For the fried avocados-
- 1 large, ripe avocado
- 3/4 cup flour
- 1/2 cup milk
- 1 cup panko breadcrumbs
- 1/2 teaspoon salt
For the corn pico de gallo:
- 3/4 cup yellow corn
- 1/4 cup diced tomato (I used a Roma tomato)
- 1 tablespoon chopped cilantro
- 1 tablespoon fresh lime juice
- 1/8 teaspoon salt
For the spicy crema:
- 1/2 cup sour cream
- 1 tablespoon lime juice
- 1/8 teaspoon cumin
- 1/8 teaspoon garlic powder
- 1/8 teaspoon chili powder
- 1-1/2 teaspoons Sriracha (add more as desired)
- 8 corn tortillas
- 1/2 cup refried black beans (or refried pinto beans)
- 2 ounces shredded cheddar cheese
Vegetable oil, for frying (about 1-1/2 cups)
- Make the corn pico de gallo first so that the flavors have some time to meld together. Mix together the corn, tomato, cilantro, lime juice, and salt. Once mixed, refrigerate until ready to eat, but try to rest for at least 30 minutes.
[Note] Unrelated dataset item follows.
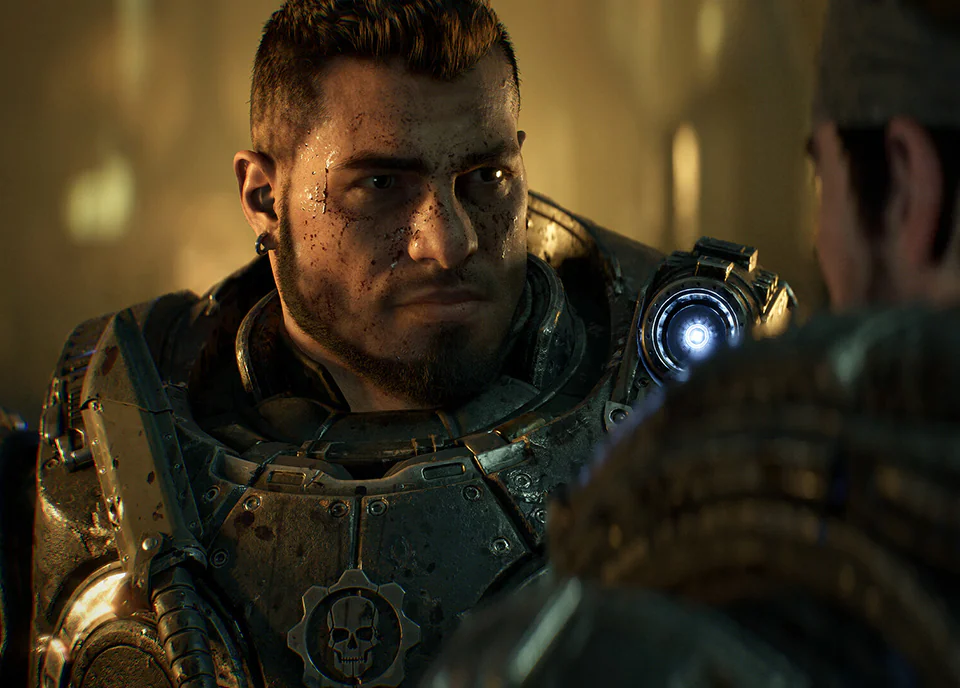 Doanh số Gears of War: E-Day trên Xbox chỉ đạt 62.000 bản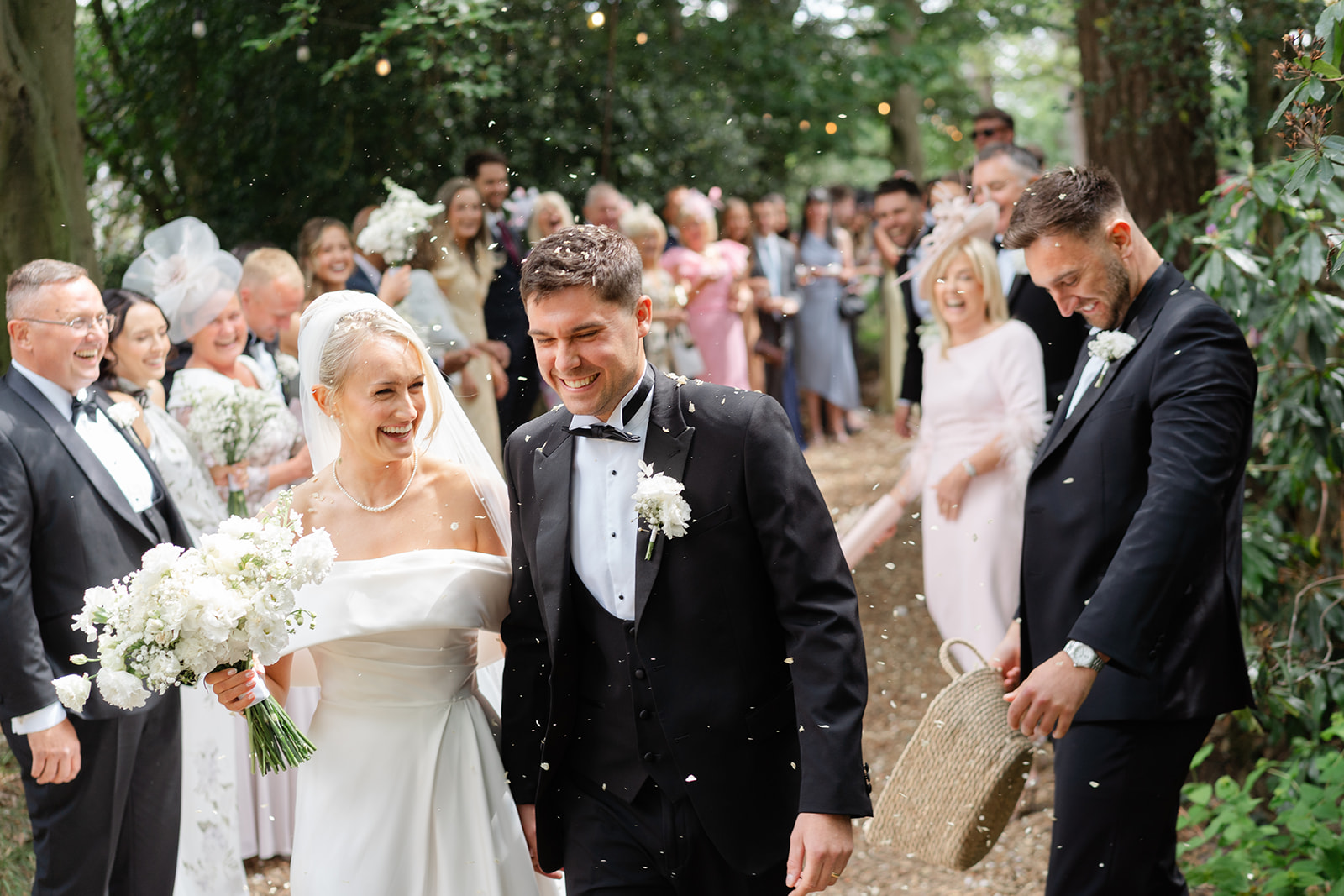 hobbit hill wedding photography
- To make the spicy crema: Mix together the sour cream with the lime juice and all of the spices. Refrigerate until ready to serve. If consistency is too thick for your liking, add a splash of milk or water to thin,
- To make the fried avocado: Place the flour, milk, and panko each in a separate bowl. Season the flour with 1/4 teaspoon salt, and season the panko with 1/4 teaspoon salt, and mix to combine. Working in batches, dredge in flour, shaking off excess. Coat with milk, allowing excess to drip back into bowl. Coat with panko, pressing to adhere.
- Pour oil into a large skillet, and heat over medium (or 350 degrees). Working in batches, fry avocado, turning occasionally, until golden brown and crisp, about 3 minutes per batch. Transfer to a cooling rack to drain. Season with salt as soon as sliced are moved to the cooling rack.
- To build: Layer two corn tortillas, and top with refried beans, fried avocado, corn pico de gallo, crema, and cheese. (You can also serve the crema on the side, to dip).